▶ _Activity_
Give back exactly the line containing "Auto Armlehnenkissen Für" and all that follow it in the data below, with the pictures left out.
┄┄┄┄┄┄
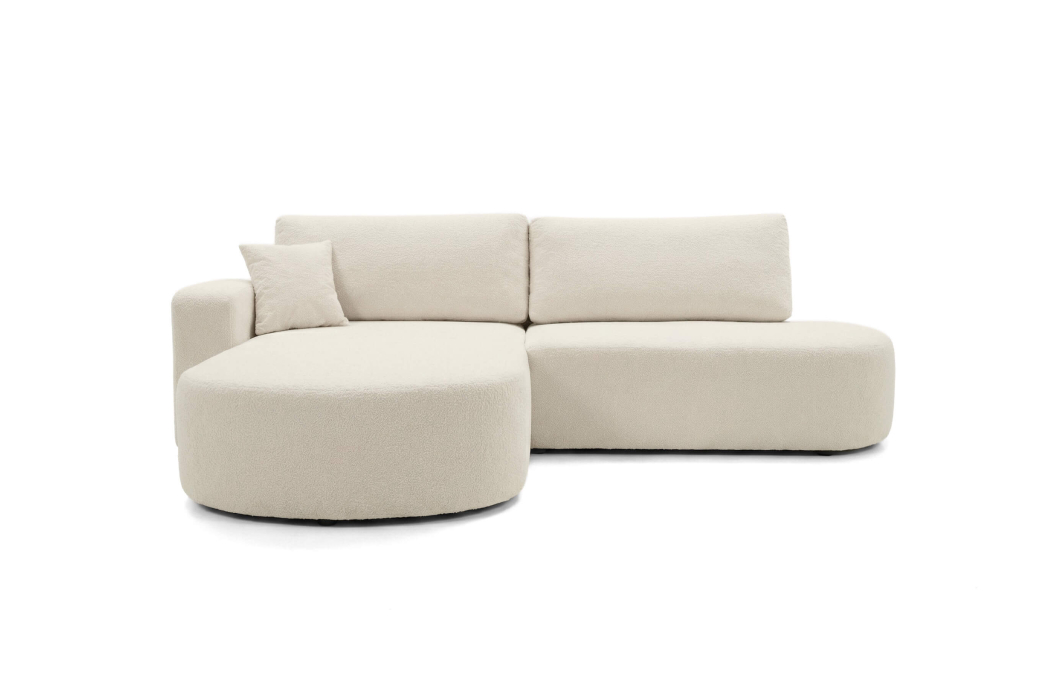 Canapé d'angle KIARA max réversible et convertible en tissu bouclette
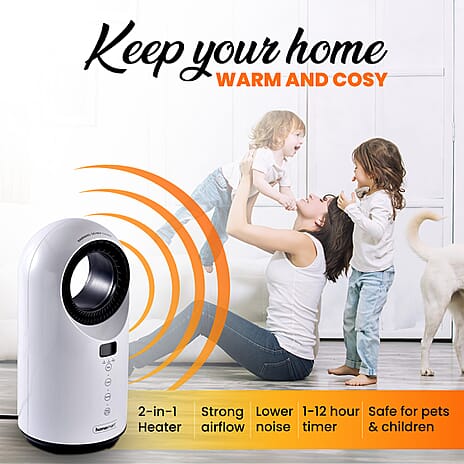 2 in 1 Bladeless Fan and Heater, 60 Degree Wide Angle Oscillation with LED Indicator Display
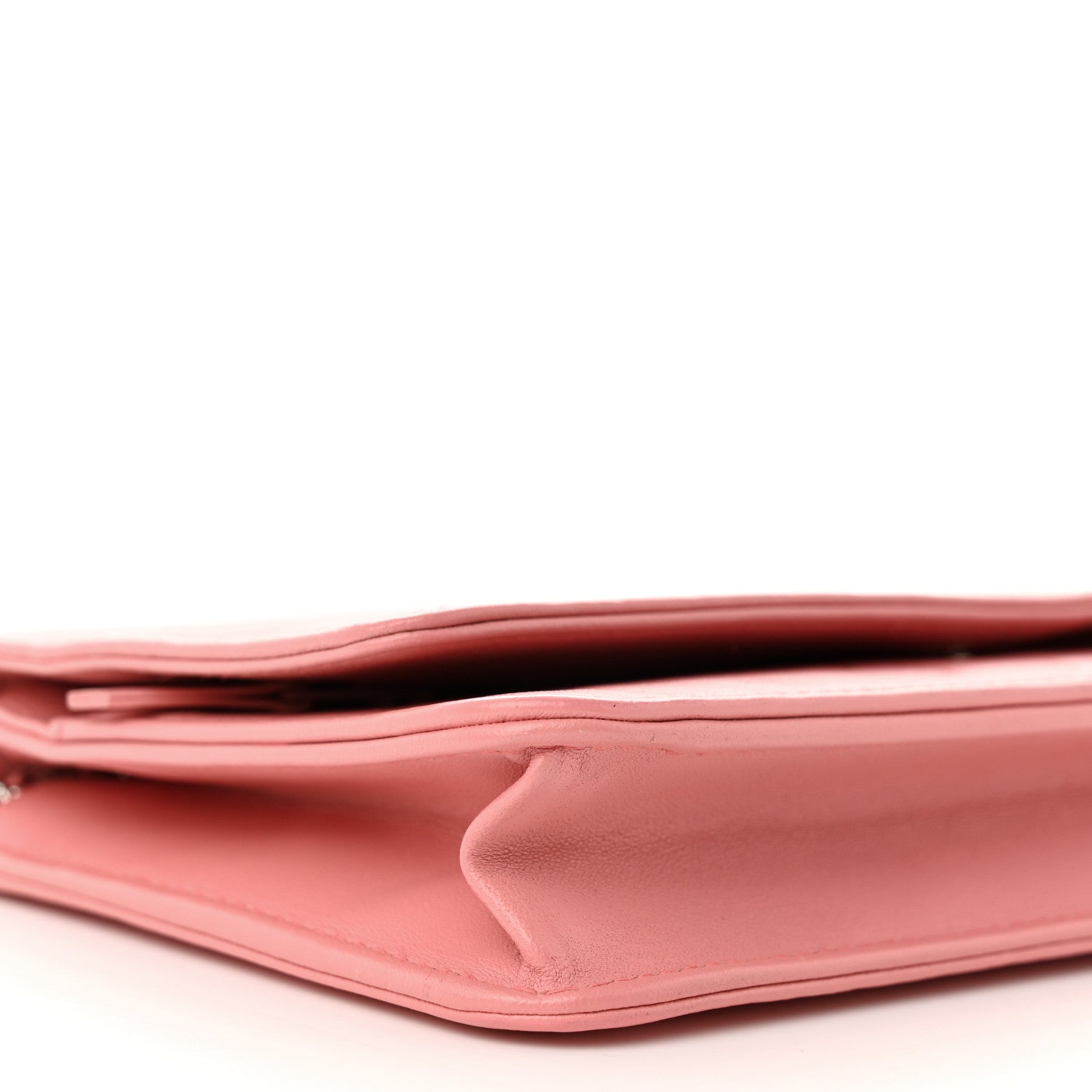 Chanel Lambskin Camellia Embossed Wallet on Chain WOC Pink 10 of 13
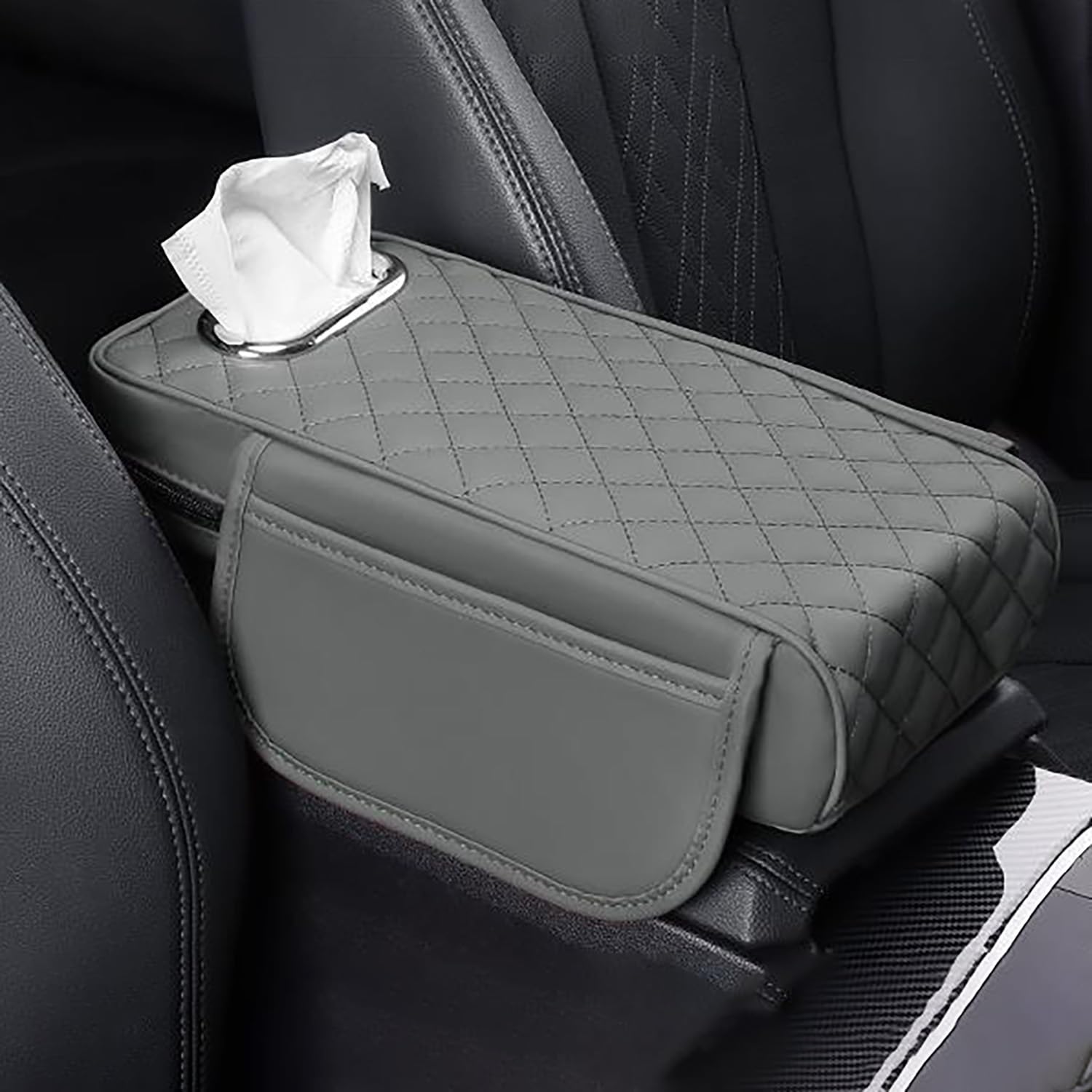 Auto Armlehnenkissen Für Audi Q6 E-tron - Memory Foam Mit Taschentuchfach (Schwarz-Rot)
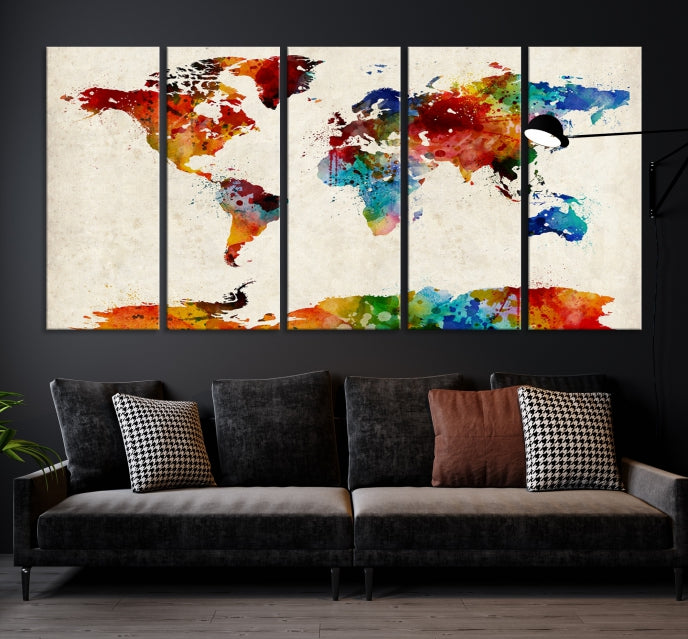 Large Wall Art World Map Watercolor Canvas Print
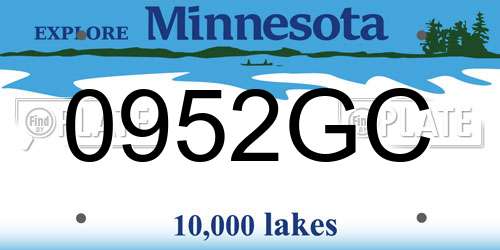0952GC Minnesota License Plate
┄┄┄┄┄┄
▶ _Exercise answer_
 Auto Armlehnenkissen Für Audi Q6 E-tron - Memory Foam Mit Taschentuchfach (Schwarz-Rot)
 Large Wall Art World Map Watercolor Canvas Print
0952GC Minnesota License Plate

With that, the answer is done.